[Dataset excerpts Boundary: Start]

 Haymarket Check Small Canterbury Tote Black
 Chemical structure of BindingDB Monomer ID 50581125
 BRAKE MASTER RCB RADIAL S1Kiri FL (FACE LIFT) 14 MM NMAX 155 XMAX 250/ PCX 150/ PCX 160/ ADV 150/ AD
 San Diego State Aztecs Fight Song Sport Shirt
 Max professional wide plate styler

[Dataset excerpts Boundary: End]
[Dataset excerpts Boundary: Start]

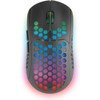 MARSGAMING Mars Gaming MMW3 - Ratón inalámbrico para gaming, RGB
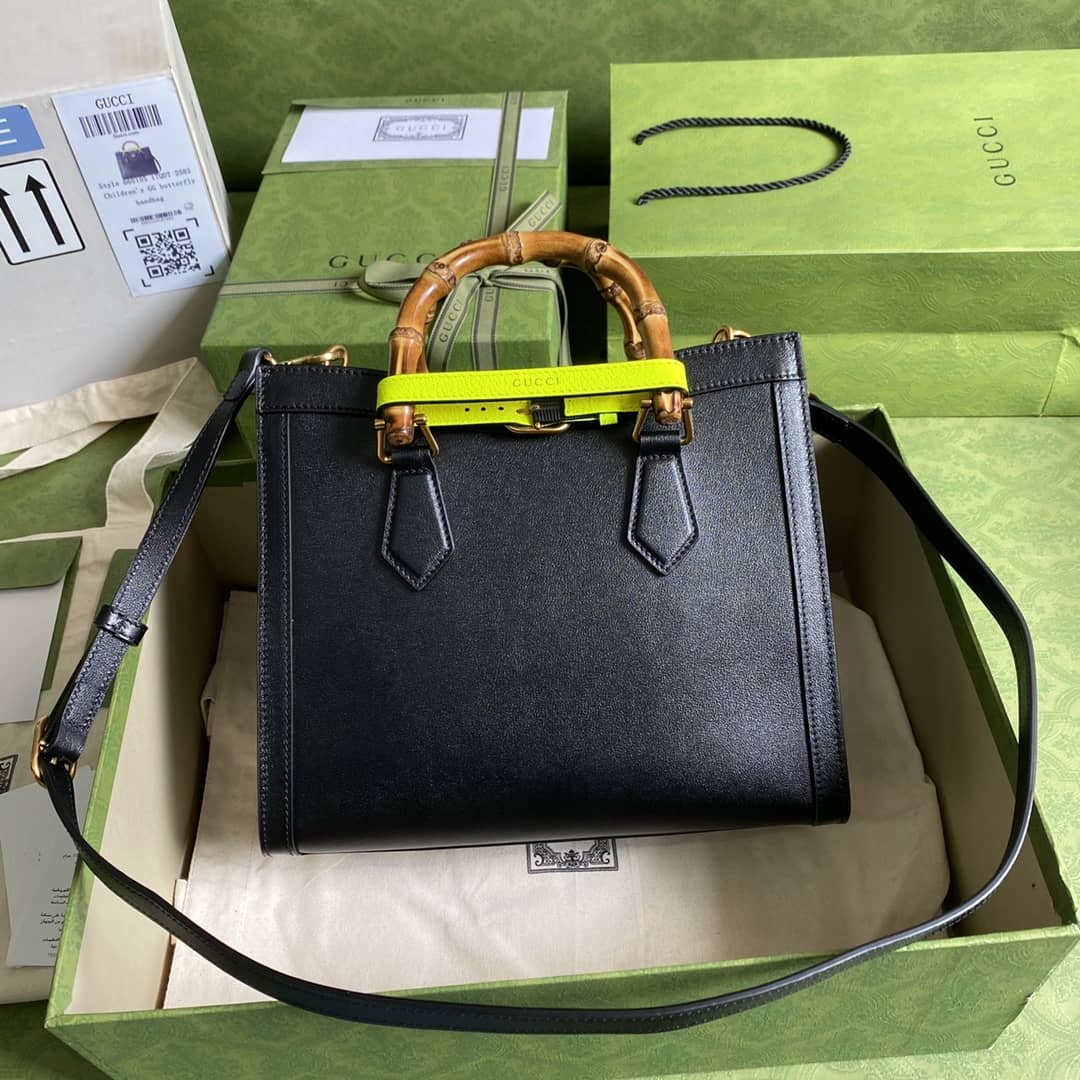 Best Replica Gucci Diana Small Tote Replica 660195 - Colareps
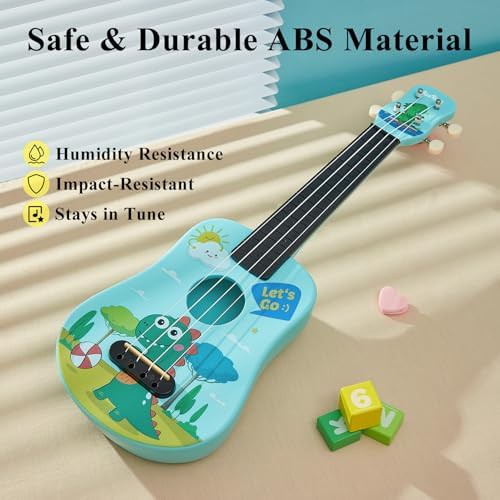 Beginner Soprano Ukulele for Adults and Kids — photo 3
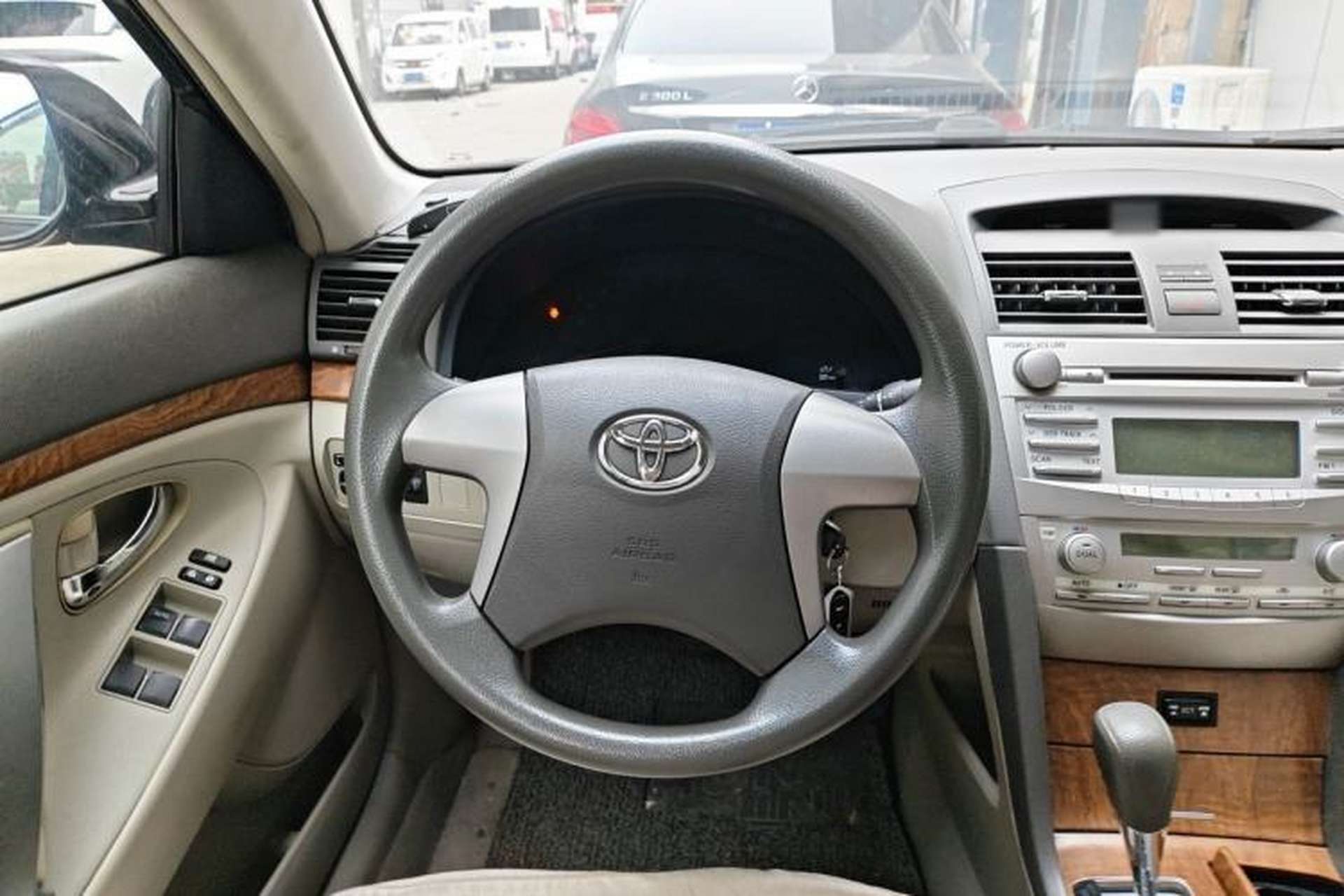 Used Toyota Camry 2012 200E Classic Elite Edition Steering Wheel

[Dataset excerpts Boundary: End]
[Dataset excerpts Boundary: Start]

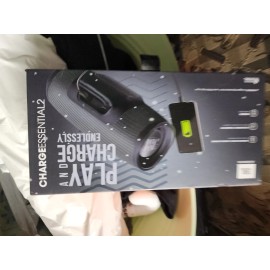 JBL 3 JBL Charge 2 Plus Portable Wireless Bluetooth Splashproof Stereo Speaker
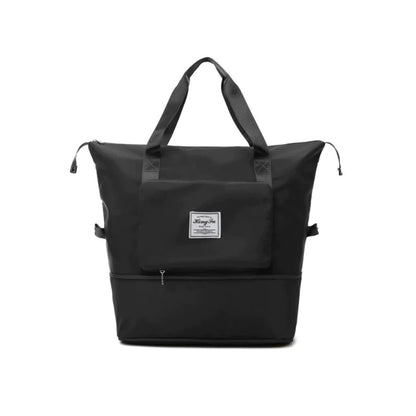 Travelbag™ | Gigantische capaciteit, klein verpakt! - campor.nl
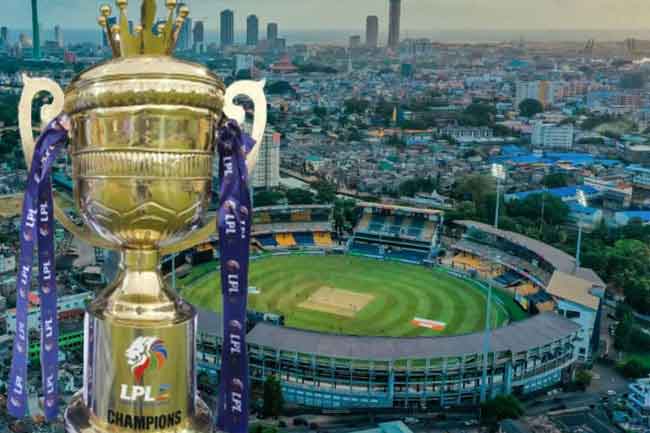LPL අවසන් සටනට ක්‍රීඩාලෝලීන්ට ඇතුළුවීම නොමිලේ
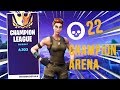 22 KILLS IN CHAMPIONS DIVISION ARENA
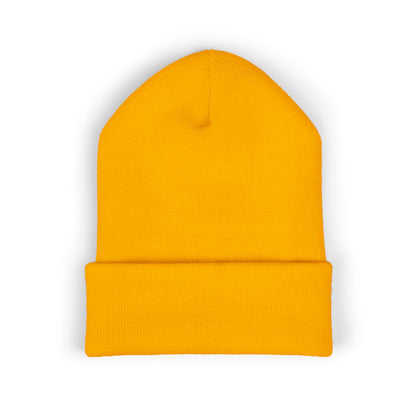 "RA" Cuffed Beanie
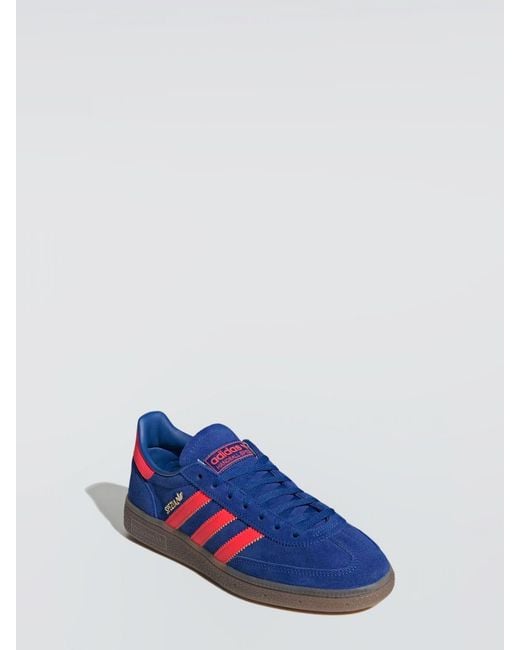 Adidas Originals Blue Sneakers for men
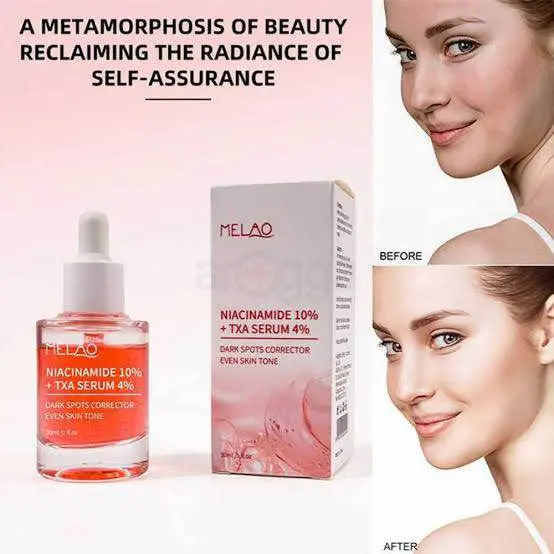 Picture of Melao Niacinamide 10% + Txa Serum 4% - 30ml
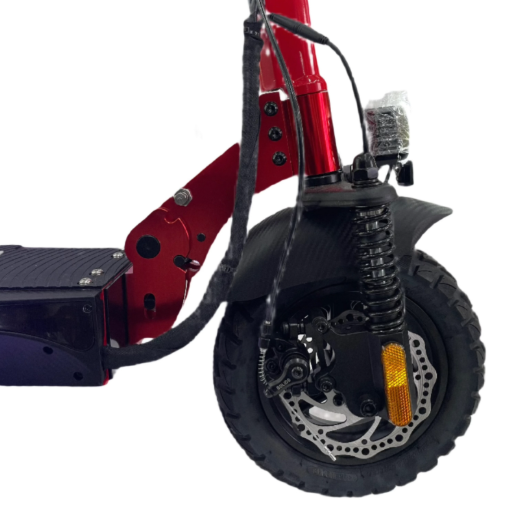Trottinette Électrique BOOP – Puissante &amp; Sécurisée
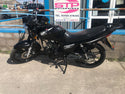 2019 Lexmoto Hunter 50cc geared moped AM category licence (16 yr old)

[Dataset excerpts Boundary: End]

Problem to work on: Each line above from the one containing "MARSGAMING Mars Gaming" through the one containing "Used Toyota Camry" is to be returned verbatim. Nothing else, and no pictures.

Task solution:
 MARSGAMING Mars Gaming MMW3 - Ratón inalámbrico para gaming, RGB
 Best Replica Gucci Diana Small Tote Replica 660195 - Colareps
 Beginner Soprano Ukulele for Adults and Kids — photo 3
 Used Toyota Camry 2012 200E Classic Elite Edition Steering Wheel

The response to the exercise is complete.